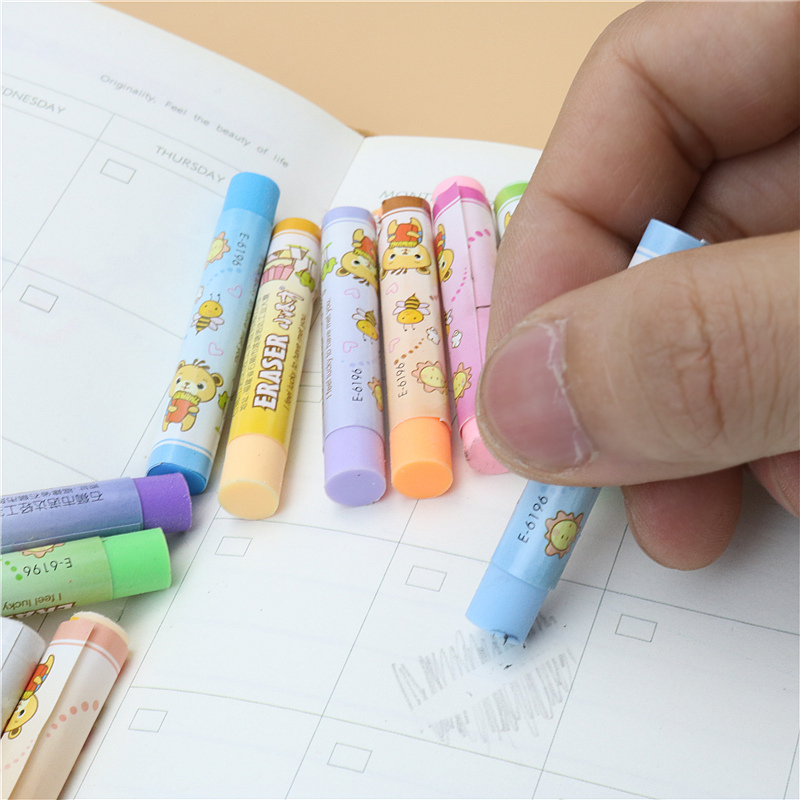 12PCS a set eraser pvc bag packing student pencils erasers Wipe clean school kids learning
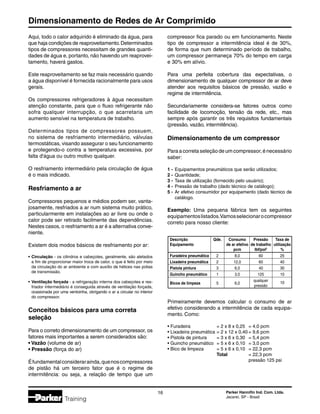 Dimensionamento de Redes de Ar Comprimido
16 Parker Hannifin Ind. Com. Ltda.
Jacareí, SP - Brasil
Training
Aqui, todo o calor adquirido é eliminado da água, para
que haja condições de reaproveitamento.Determinados
tipos de compressores necessitam de grandes quanti-
dades de água e, portanto, não havendo um reaprovei-
tamento, haverá gastos.
Este reaproveitamento se faz mais necessário quando
a água disponível é fornecida racionalmente para usos
gerais.
Os compressores refrigeradores à água necessitam
atenção constante, para que o fluxo refrigerante não
sofra qualquer interrupção, o que acarretaria um
aumento sensível na temperatura de trabalho.
Determinados tipos de compressores possuem,
no sistema de resfriamento intermediário, válvulas
termostáticas, visando assegurar o seu funcionamento
e protegendo-o contra a temperatura excessiva, por
falta d'água ou outro motivo qualquer.
O resfriamento intermediário pela circulação de água
é o mais indicado.
Resfriamento a ar
Compressores pequenos e médios podem ser, vanta-
josamente, resfriados a ar num sistema muito prático,
particularmente em instalações ao ar livre ou onde o
calor pode ser retirado facilmente das dependências.
Nestes casos, o resfriamento a ar é a alternativa conve-
niente.
Existem dois modos básicos de resfriamento por ar:
•	Circulação - os cilindros e cabeçotes, geralmente, são aletados
	 a fim de proporcionar maior troca de calor, o que é feito por meio
	 da circulação do ar ambiente e com auxílio de hélices nas polias
	 de transmissão.
•	Ventilação forçada - a refrigeração interna dos cabeçotes e res-
	 friador intermediário é conseguida através de ventilação forçada,
	 ocasionada por uma ventoinha, obrigando o ar a circular no interior
	 do compressor.
Conceitos básicos para uma correta
seleção
Para o correto dimensionamento de um compressor, os
fatores mais importantes a serem considerados são:
• Vazão (volume de ar)
• Pressão (força do ar)
Éfundamentalconsiderarainda,quenoscompressores
de pistão há um terceiro fator que é o regime de
intermitência: ou seja, a relação de tempo que um
compressor fica parado ou em funcionamento. Neste
tipo de compressor a intermitência ideal é de 30%,
de forma que num determinado período de trabalho,
um compressor permaneça 70% do tempo em carga
e 30% em alívio.
Para uma perfeita cobertura das expectativas, o
dimensionamento de qualquer compressor de ar deve
atender aos requisitos básicos de pressão, vazão e
regime de intermitência.
Secundariamente considera-se fatores outros como
facilidade de locomoção, tensão da rede, etc., mas
sempre após garantir os três requisitos fundamentais
(pressão, vazão, intermitência).
Dimensionamento de um compressor
Para a correta seleção de um compressor, é necessário
saber:
1 -	Equipamentos pneumáticos que serão utilizados;
2 -	Quantidade;
3 -	Taxa de utilização (fornecido pelo usuário);
4 -	Pressão de trabalho (dado técnico de catálogo);
5 -	Ar efetivo consumidor por equipamento (dado técnico de
	 catálogo.
Exemplo: Uma pequena fábrica tem os seguintes
equipamentoslistados.Vamosselecionarocompressor
correto para nosso cliente:
	 Descrição	 Qde.	 Consumo	 Pressão	 Taxa de
	 Equipamento		 de ar efetivo	 de trabalho	 utilização
			 pcm	 lbf/pol2
	 %
	 Furadeira pneumática	 2	 8,0	 60	25
	 Lixadeira pneumática	 2	12,0	 60	 40
	 Pistola pintura	 3	 6,0	 40	30
	 Guincho pneumático	 1	3,0	125	10
	
Bicos de limpeza	 5	 6,0
	 qualquer	
10
				 pressão
Primeiramente devemos calcular o consumo de ar
efetivo considerando a intermitência de cada equipa-
mento. Como:
• Furadeira	 = 2 x 8 x 0,25	 = 4,0 pcm
• Lixadeira pneumática	= 2 x 12 x 0,40	= 9,6 pcm
• Pistola de pintura	 = 3 x 6 x 0,30	 = 5,4 pcm
• Guincho pneumático	 = 5 x 6 x 0,10	 = 3,0 pcm
• Bico de limpeza	 = 5 x 6 x 0,10	 = 22,3 pcm
	 Total	 = 22,3 pcm
		 pressão 125 psi
 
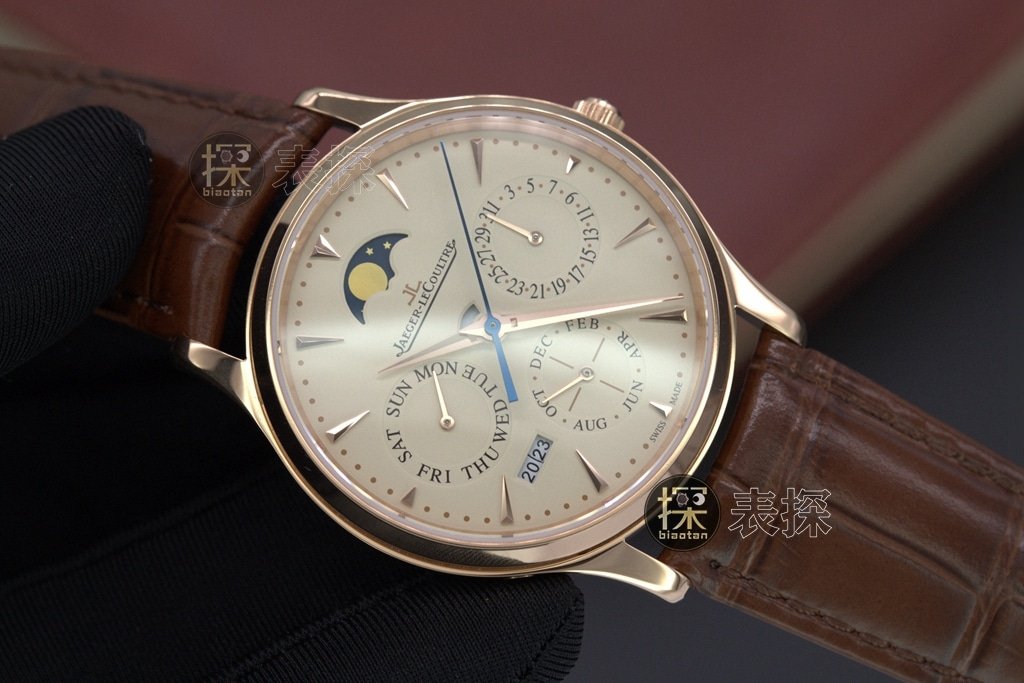 J Perpetual Calendar Jaeger-LeCoultre 1:1 replica watch rose goldchronograph brown leather bracelet front view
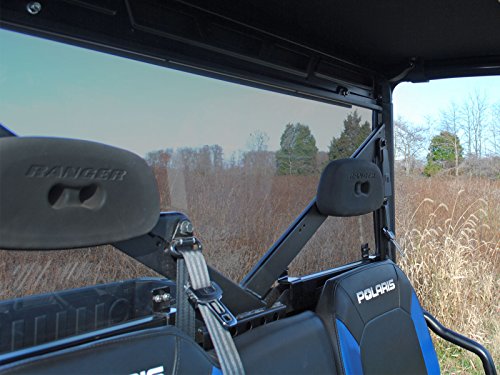 SuperATV Rear Windshield for 2017+ Polaris Ranger XP 1000 / Crew (See Fitment) | 1/4" Light Tint Polycarbonate 250x Stronger Than Glass & 25x Stronger Than Acrylic (Not Scratch Resistant) | USA Made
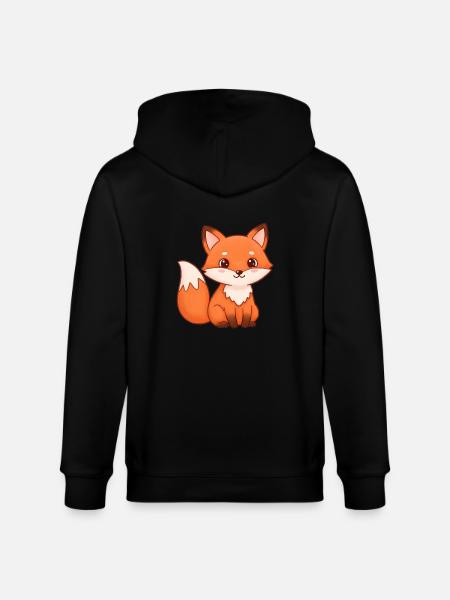 Tier Cartoon Fuchs - Stanley/Stella Unisex Bio-Kapuzenjacke CULTIVATOR - Schwarz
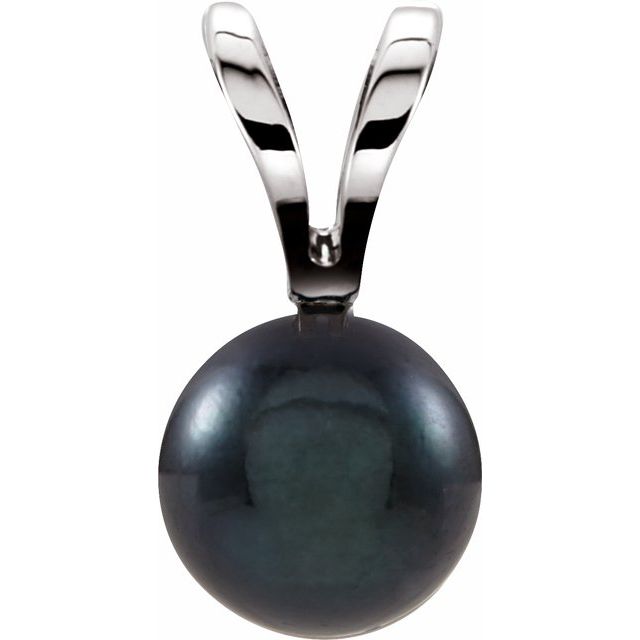 14K White Cultured Black Akoya Pearl Pendant
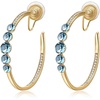 image:imageAustrian Crystal Clip On Hoop Earrings for Women  14K gold plated brassround crystalnonpierced cliponsoft silicone padsgift boxAquamarine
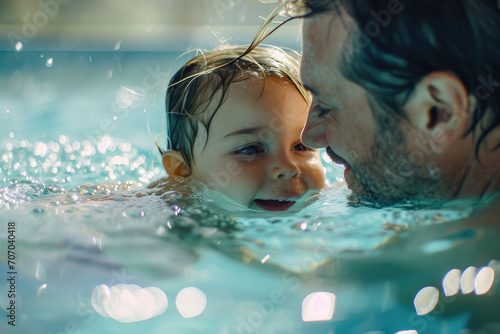 father is teaching his child to swim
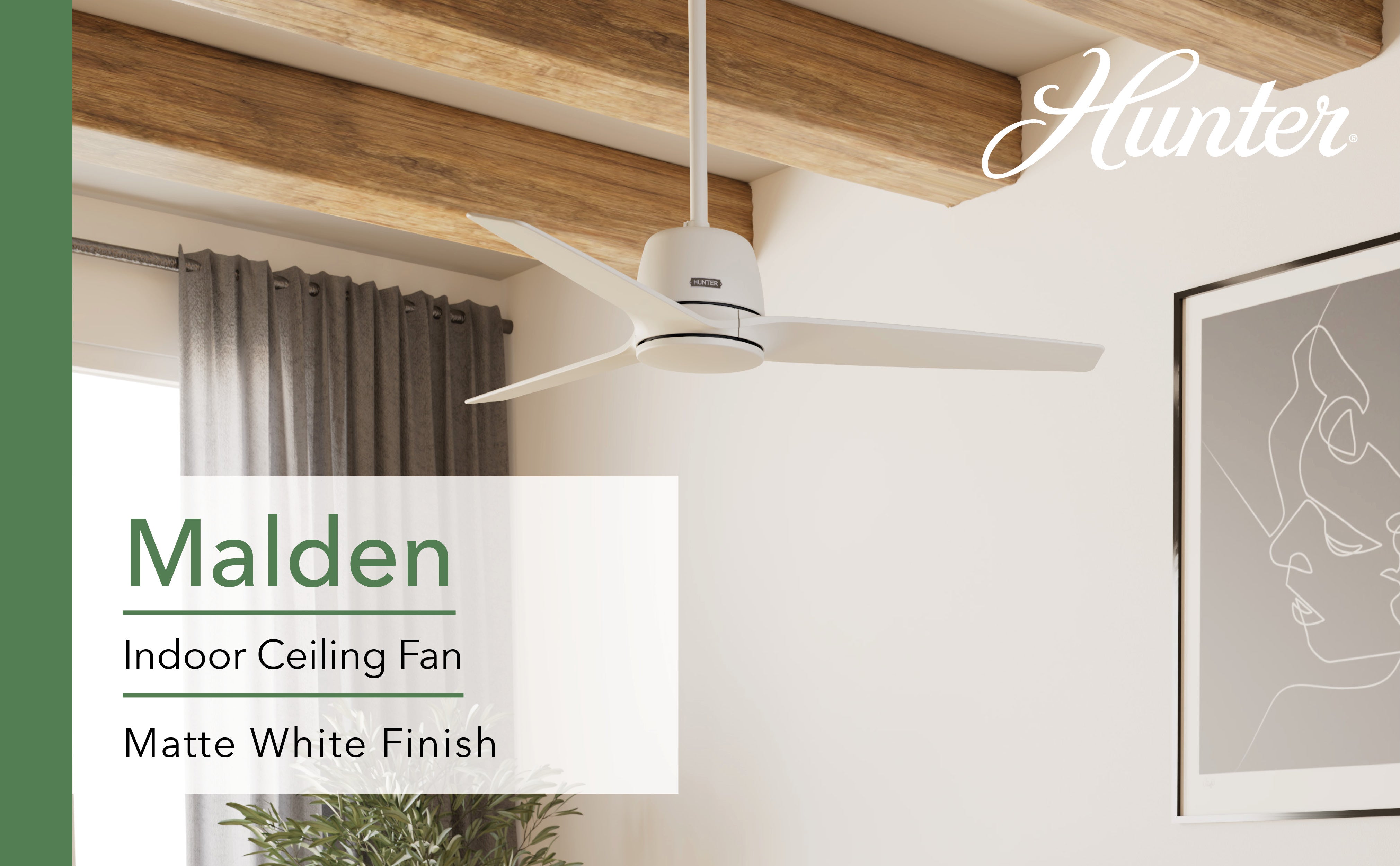 Hunter 52 inch Malden Matte White Ceiling Fan and Handheld Remote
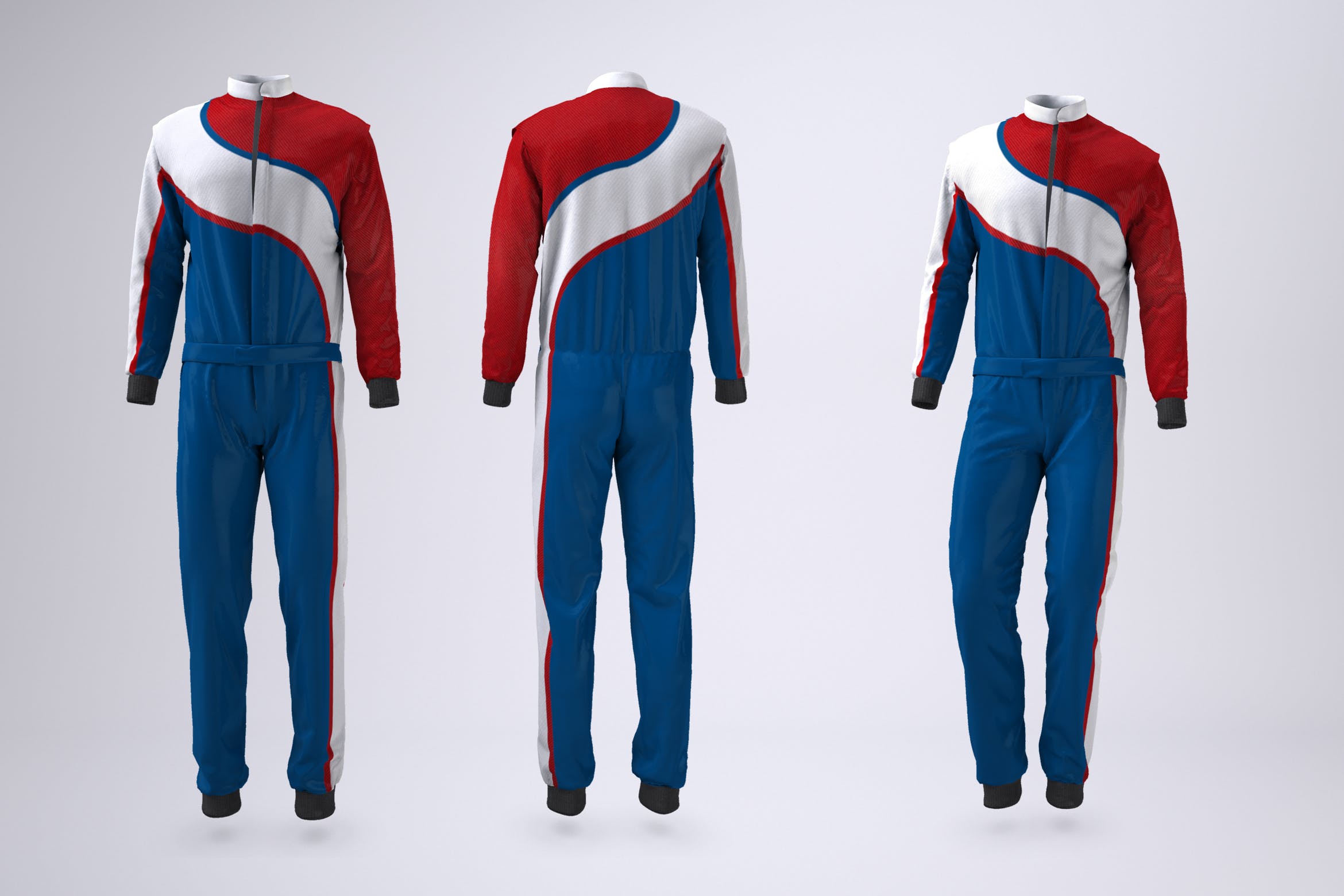 连体赛车服外观设计效果图样机模板 Driving, Racing Suit Mock-Up插图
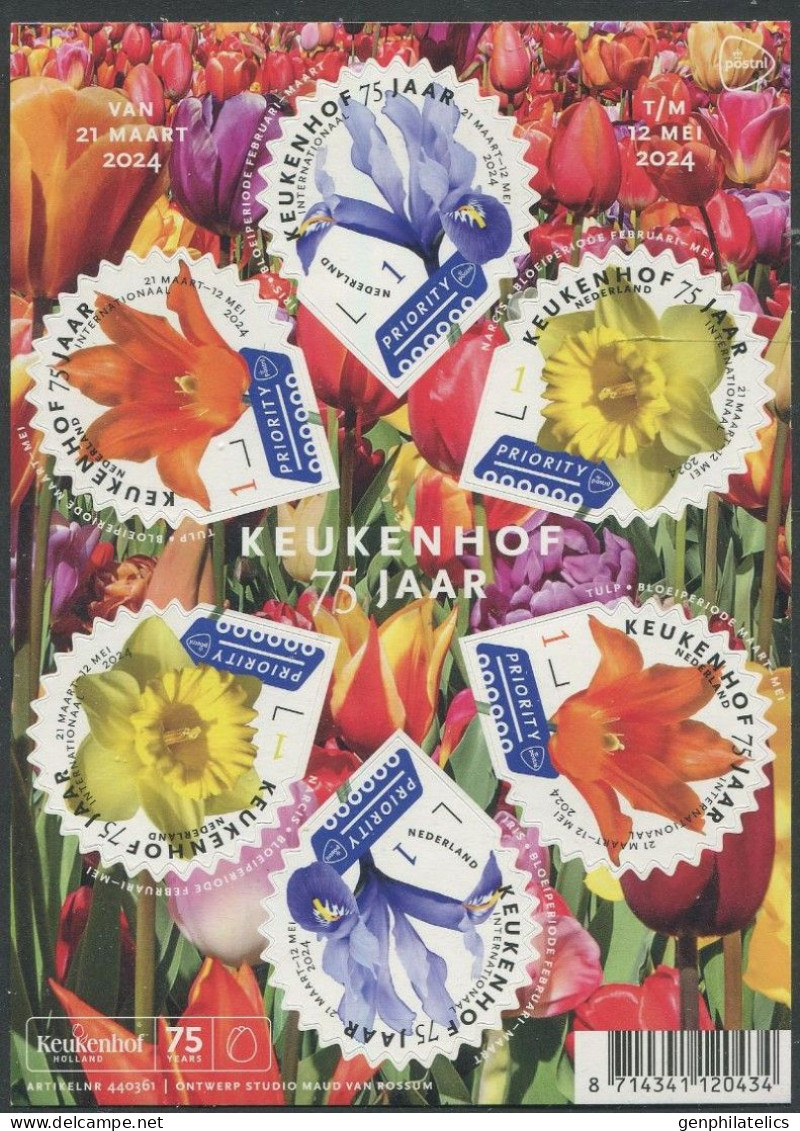 NETHERLANDS 2024 FLORA Plants FLOWERS - Fine S/S MNH - Unused Stamps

......

Task statement: For each line above that carries the word "necessitam", copy it out.

Answer for this exercise:
tipos de compressores necessitam de grandes quanti-
Os compressores refrigeradores à água necessitam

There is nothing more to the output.